**The input:**
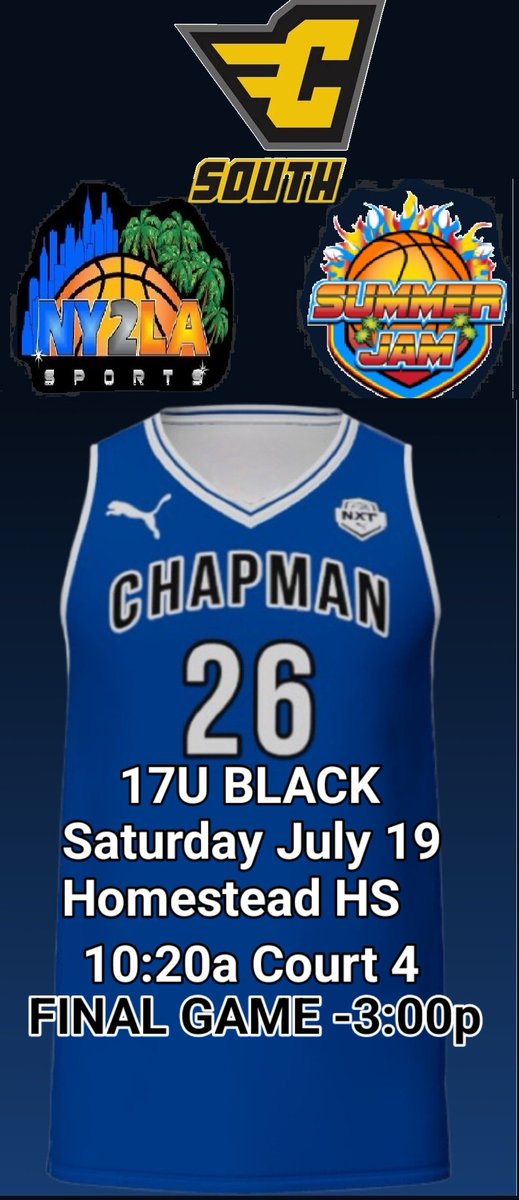 Day 2 Ahead <a href="/ny2lasports/">NY2LA SPORTS</a> 
Summer Jam 

<a href="/cba_south/">CBA_South</a> 17U Black in action for their Final Day.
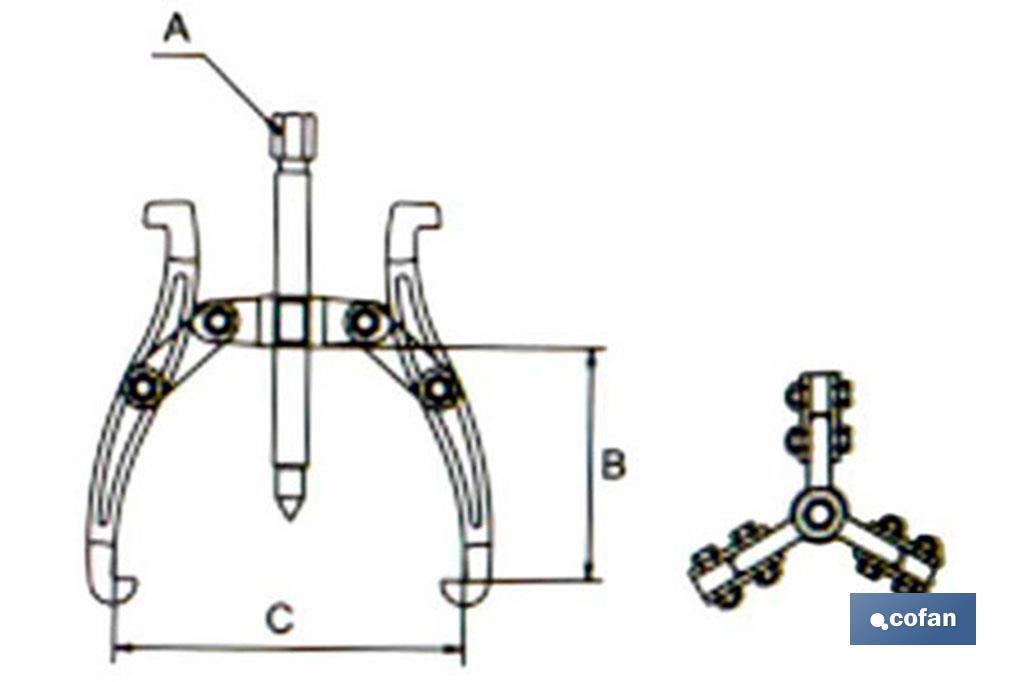 EXTRACTOR 3 GARRAS ARTICULADAS 6 25-160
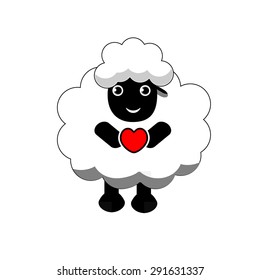 Sheep holding a heart vector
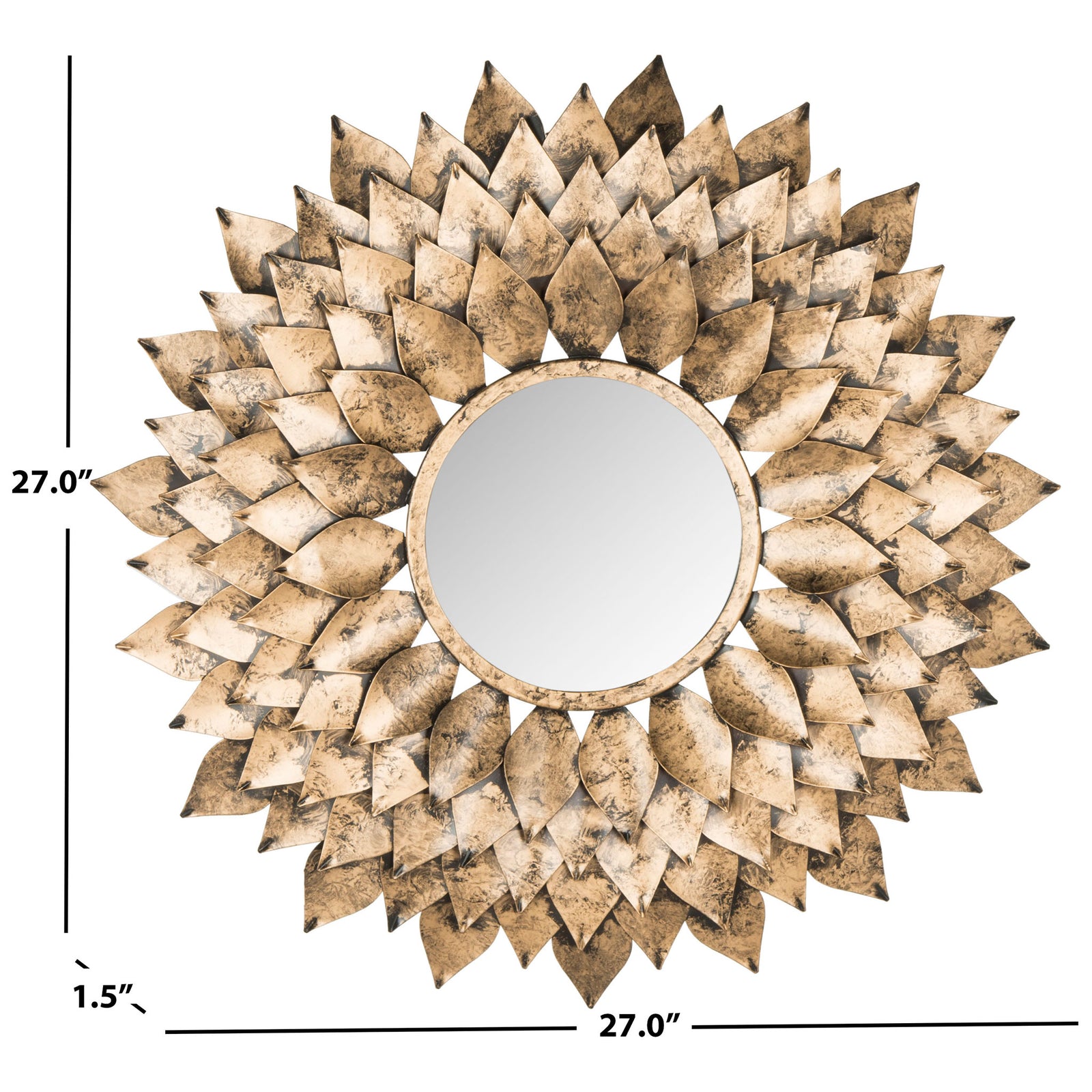 A 27-inch sunburst mirror pairs a round reflective center with rows of textured gold petals. || MIR4041A || dimension_studio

**Task statement:**
In your copy, restate the data above word for word but leave out any picture.

**Result for this exercise:**
 Day 2 Ahead <a href="/ny2lasports/">NY2LA SPORTS</a> 
Summer Jam 

<a href="/cba_south/">CBA_South</a> 17U Black in action for their Final Day.
 EXTRACTOR 3 GARRAS ARTICULADAS 6 25-160
 Sheep holding a heart vector
 A 27-inch sunburst mirror pairs a round reflective center with rows of textured gold petals. || MIR4041A || dimension_studio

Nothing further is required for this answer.